1. Method of calibrating a media drive in a printer, comprising

advancing media through the printer with a media drive while detecting media advances within the printer,

determining an error in the media advances, and

calibrating the media drive so as to at least partly compensate for the determined error.

2. Method according to claim 1, comprising determing drive advances, wherein the error comprises a discrepancy between a media advance and a corresponding drive advance.

3. Method according to claim 2, comprising

using a processor to convert the detected media advances into media advance signals,

applying a transformation to the detected media advance signals, and

determining a discrepancy between drive advance signals and the corresponding media advance signals.

4. Method according to claim 1, comprising

stepwise advancing the media, and

detecting the advanced distance of the media surface between each step.

5. Method according to claim 1, wherein detecting media advances comprises optically detecting a media surface texture and applying pattern recognition to the surface texture to detect shifts of the media surface.
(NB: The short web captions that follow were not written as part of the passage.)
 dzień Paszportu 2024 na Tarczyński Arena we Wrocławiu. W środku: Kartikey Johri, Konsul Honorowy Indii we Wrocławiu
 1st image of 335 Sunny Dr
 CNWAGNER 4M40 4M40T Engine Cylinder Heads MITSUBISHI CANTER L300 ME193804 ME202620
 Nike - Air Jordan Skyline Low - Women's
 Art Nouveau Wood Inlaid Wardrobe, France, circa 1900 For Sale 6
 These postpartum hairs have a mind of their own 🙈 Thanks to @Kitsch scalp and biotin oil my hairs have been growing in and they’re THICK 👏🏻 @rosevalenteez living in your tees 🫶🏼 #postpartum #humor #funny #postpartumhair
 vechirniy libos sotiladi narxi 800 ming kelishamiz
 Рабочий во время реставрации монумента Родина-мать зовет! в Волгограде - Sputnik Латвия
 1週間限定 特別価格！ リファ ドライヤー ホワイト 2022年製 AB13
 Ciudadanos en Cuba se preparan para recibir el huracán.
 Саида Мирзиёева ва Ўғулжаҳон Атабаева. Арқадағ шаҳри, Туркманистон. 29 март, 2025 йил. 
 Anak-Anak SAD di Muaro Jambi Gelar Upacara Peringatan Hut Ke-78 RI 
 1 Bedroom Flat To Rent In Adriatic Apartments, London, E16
6. Method according to claim 1, wherein detecting media advances comprises optically detecting a non-printed media surface texture.

7. Method according to claim 1, wherein the error corresponds to a deviation in the surface shape of a drive roller.

8. Method according to claim 1, comprising

advancing the media through the printer using parameters stored in a memory device,

adapting the parameters, at least for a drive angle range associated with the measured error, and

advancing the media through the printer using the adapted parameters.

9. Method according to claim 8, wherein

the media drive comprises encoder units each corresponding to respective angles of a drive axis, and

each media advance is associated with a number of encoder units through said parameters, the method further comprising

adapting the parameters so that the number of encoder units that is associated with the media advance corresponding to the error is adapted.

10. Method according to claim 1, comprising

detecting, within the printer, the media advances driven by the calibrated media drive, and

verifying whether the error has decreased.

11. Method according to claim 1, comprising

advancing the media portion that was used for calibration through the printer, and

printing on said media portion.

12. Printer, comprising

a media drive arranged to advance media through the printer,

a memory device storing parameters for controlling the media drive,

a media surface detector embedded in the printer, arranged to detect media advances, and

a processor, configured to

determine an error in a detected media advance, and

adapt at least one of the parameters so as to decrease the level of error.

13. Printer according to claim 12, wherein

the media surface detector is arranged along the media path, and

the media surface detector comprises an optical detector that is arranged to

detect a non-printed media material texture, and

recognize a displacement of the detected media.

14. Printer according to claim 12, wherein

the media drive comprises an encoder provided with encoder units, each unit corresponding to a respective angle of the media drive,

the memory device stores a drive algorithm configured to associate certain numbers of encoder units to corresponding media advances according to the given parameters, and

the processor is configured to adapt the parameters by correcting the number of encoder units associated with a media advance that contained the error.

15. Media drive calibration system, comprising

a detector arranged to detect a non-printed media material texture,

a memory device storing parameters for outputting drive advance signals for advancing the media over predetermined distances and at least one threshold value corresponding to respective parameters,

a processor configured to

derive the media advance distance from the detector signals,

calculate a media advance error by comparing the derived media advance distance with the corresponding predetermined distance, and

adapt a parameters when the media advance error corresponding to that parameter exceeds said at least one threshold value.